* PROBLEM DETAILS:
What number of lines in the entries hold the string "Photo"? Answer with it alone.

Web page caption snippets
+ + +
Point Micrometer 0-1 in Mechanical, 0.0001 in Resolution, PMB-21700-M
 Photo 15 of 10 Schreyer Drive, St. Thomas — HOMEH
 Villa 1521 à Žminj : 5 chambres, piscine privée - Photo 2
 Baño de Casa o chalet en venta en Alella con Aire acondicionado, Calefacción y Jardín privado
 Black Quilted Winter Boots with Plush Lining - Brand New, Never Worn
+ + +
* FINAL ANSWER:
2